We have 140+ members and the club is just uver 1 year old


[ame="http://www.youtube.com/watch?v=qHxRmgRK8tU"]http://www.youtube.com/watch?v=qHxRmgRK8tU[/ame]


----------



## joeswine (May 16, 2011)

I was there and it was a great time,the people were great tepe was the hit of the show and I learned a little about being a brewmister....we also made a chocolate smoked beer,is that correct and can't wait to taste the finished product..............


----------



## Tom (May 16, 2011)

Yep Joe it's a Smoked Chocolate Stout


My Raspberry Wheat was the "HIT" of the show


----------



## Flem (May 16, 2011)

Tom, it looked like a great party. That wasn't Buford in the film clip, was it?


----------



## joeswine (May 16, 2011)

YOU MIGHT HAVE THOUGHT TEPES WINE WAS ALSO A HIT ,HE IS A CHICK MAGNET WITH IT i SAW IT ,BEER AN WINE....WHAT A MAN.................


----------



## Tom (May 19, 2011)

My homebrew club just won Best of Philly Homebrew Club.


No we would like to win the best Video. So please check out this video.

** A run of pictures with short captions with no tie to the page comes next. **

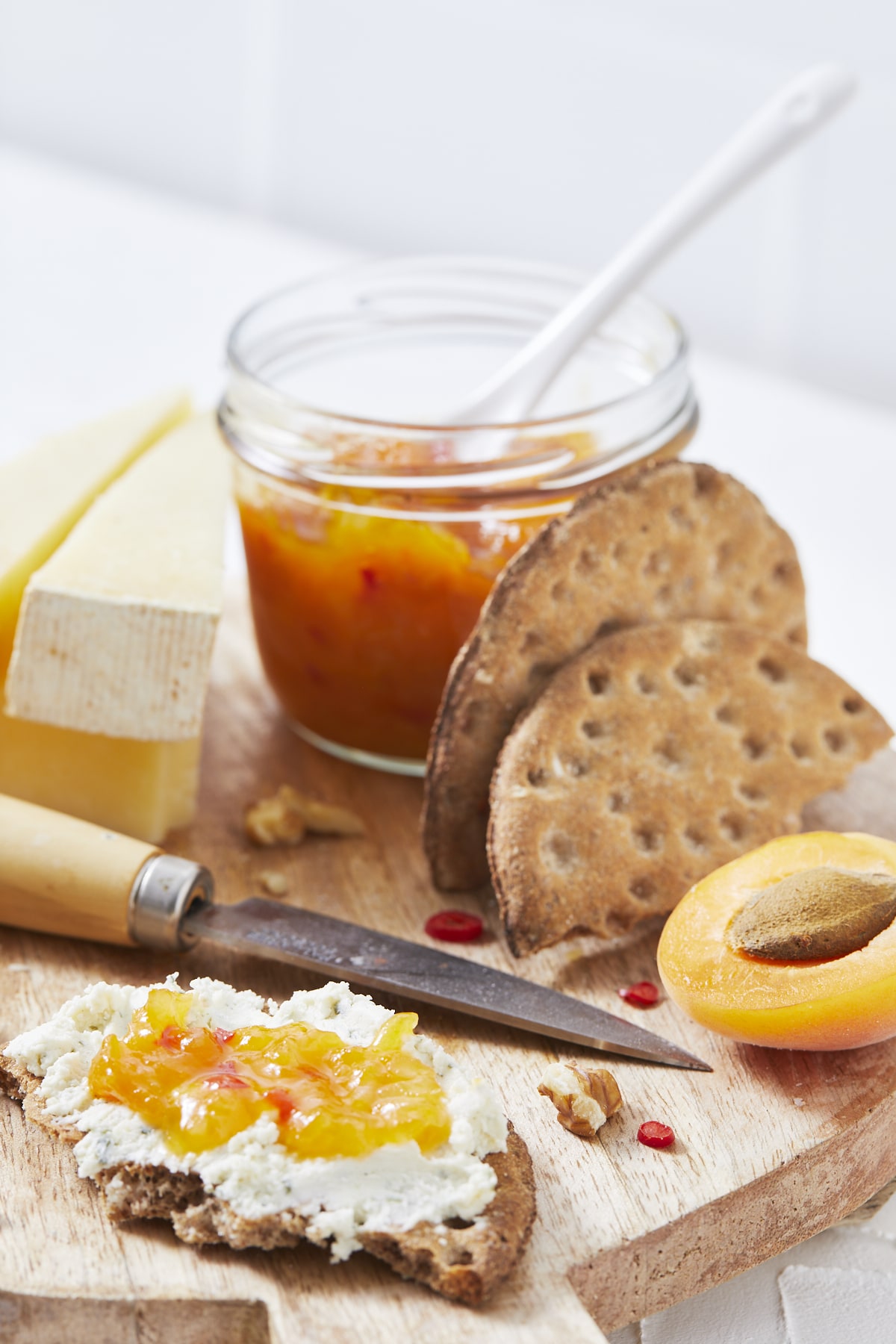 Quelques morceaux de Cantal accompagnés de chutney aux abricots, de crackers ainsi qu'un crakers tartiné de fromage blanc et de chutney.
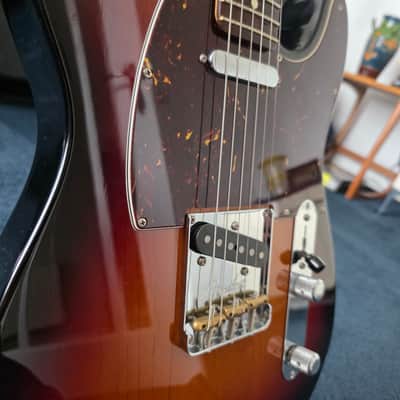 Fender American Professional II Telecaster with Rosewood Fretboard 2020 - Present - 3-Color Sunburst image 4
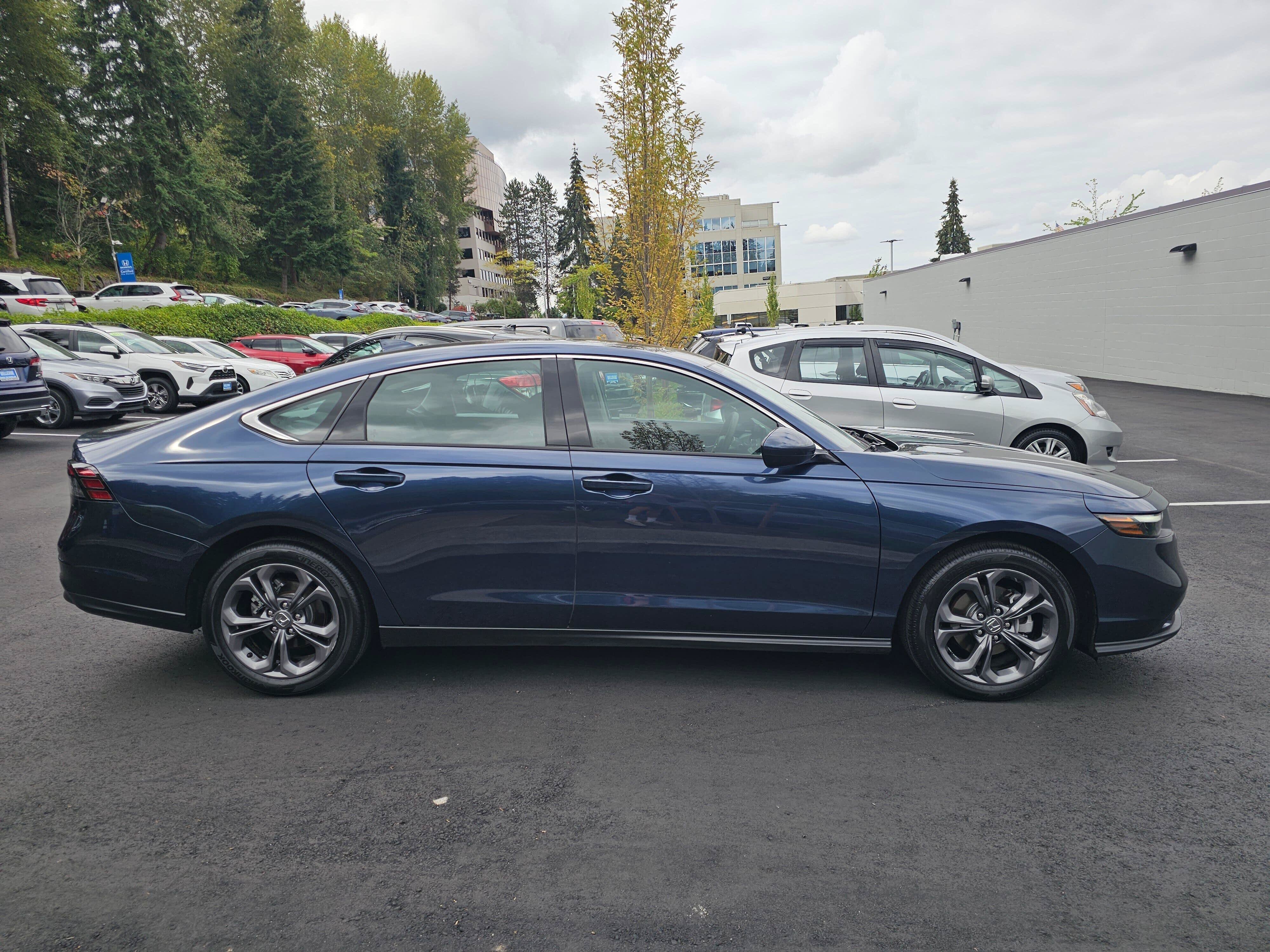 Used 2023 Honda Accord EX image 8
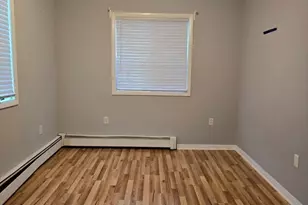 52 Sidney St, Lowell, MA 01852 - Photo 17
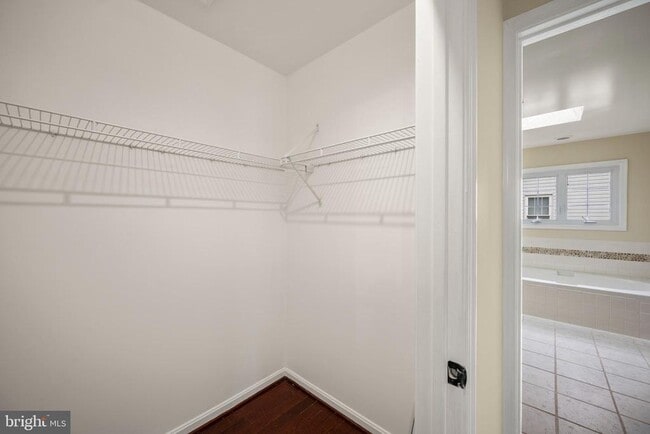 Building Photo - 1324 Pleasant Meadow Rd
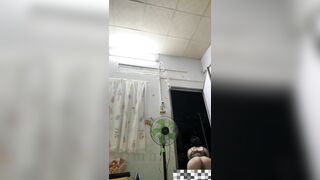 Chỉ 2 từ thôi DÂM ĐIÊN bé điều dưỡng 2k5 thích làm chó cái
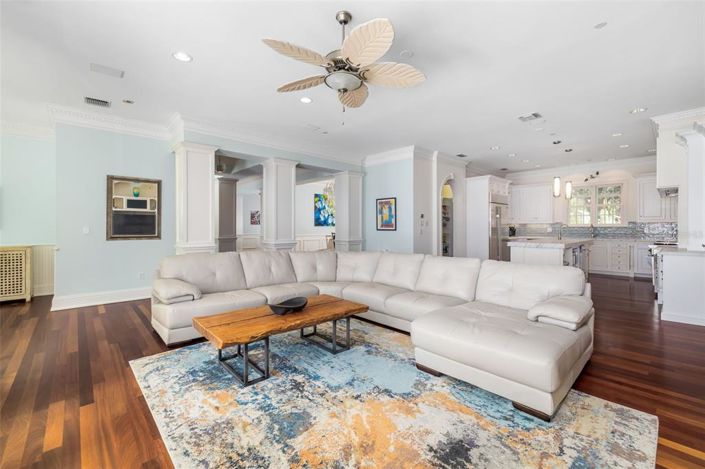 Image No.25-4 Bed Property for sale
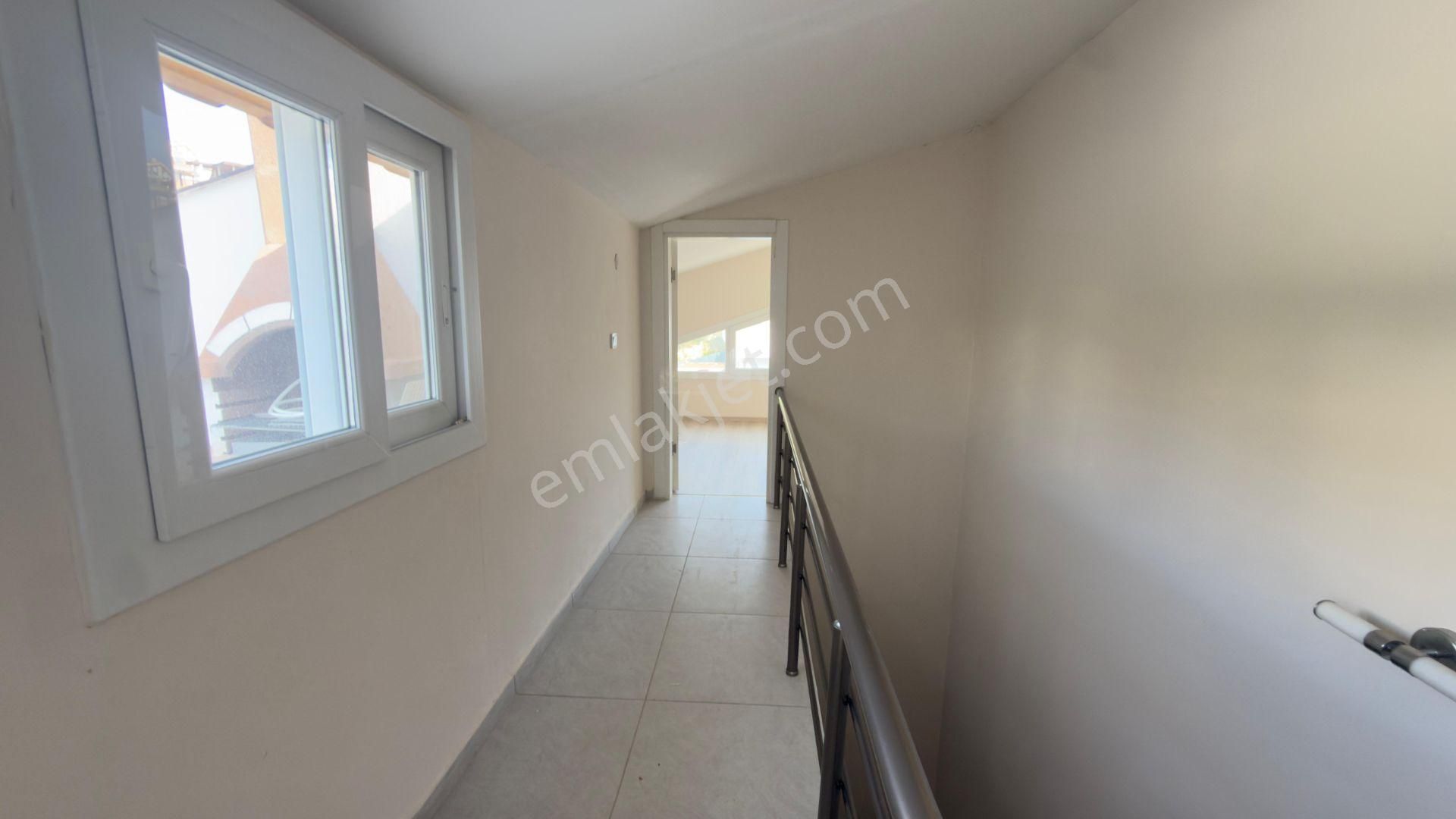 Kadınlar Denizinde Havuzlu Sitede Eşyalı 5+1 Kiralık Triplex... - Görsel 5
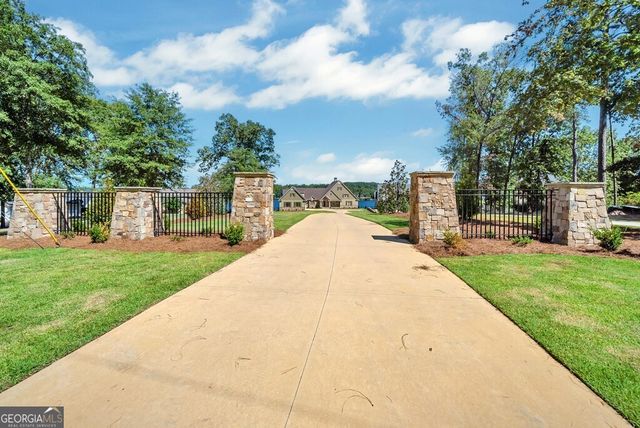 205 Lakecrest Drive NE, Milledgeville, GA 31061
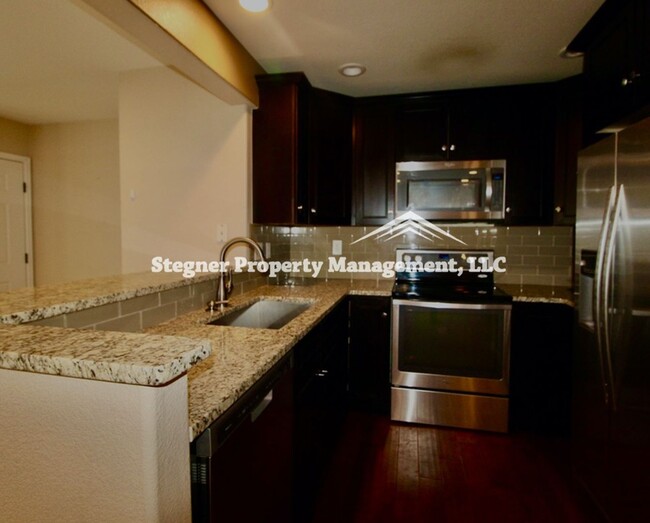 Foto del edificio - Beautiful Townhome Centrally Located in Fo...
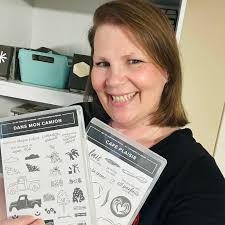 Get that summer feeling bubbling with #Barbie Color Reveal! The Foam series  comes with all-new surprises, from fruit-scented foam, kinetic sand, and  even a kid-sized charm bracelet for the little ones. ☀️🍉🍍🍓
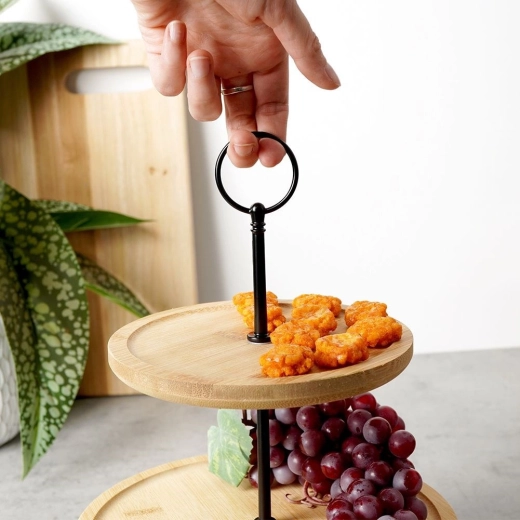 Čvrsta metalna konstrukcija s ručkom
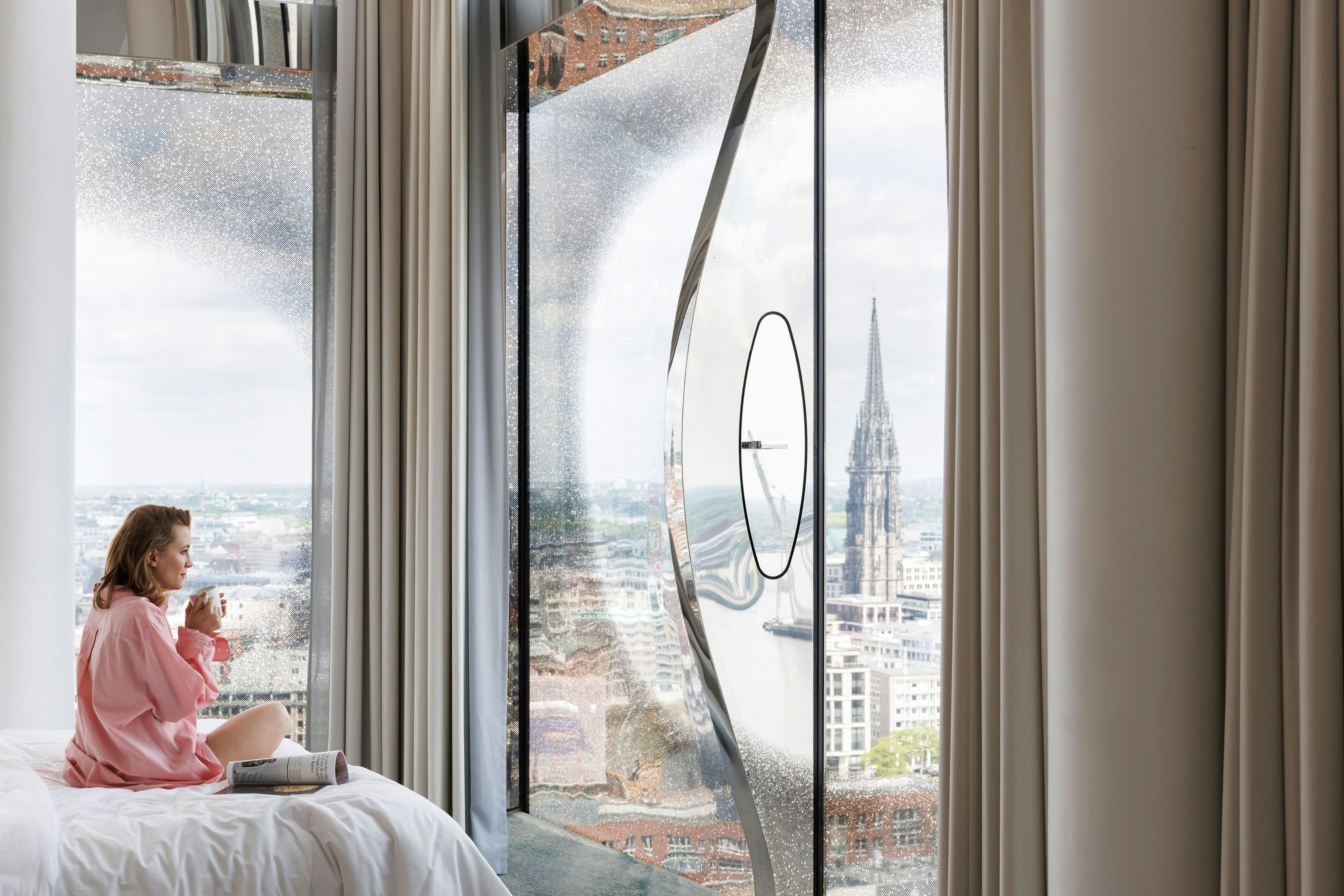 THE WESTIN HAMBURG 13/72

[ame="http://www.youtube.com/watch?v=qHxRmgRK8tU"]http://www.youtube.com/watch?v=qHxRmgRK8tU[/ame]


----------



## Tom (Jun 12, 2011)

New Setup pix
2nd is my Mill that now can fit 23#'s in the hopper.


----------



## joeswine (Jun 14, 2011)

does that mean our rassberry is on its way sooner or later


----------



## Tom (Jun 14, 2011)

could be


----------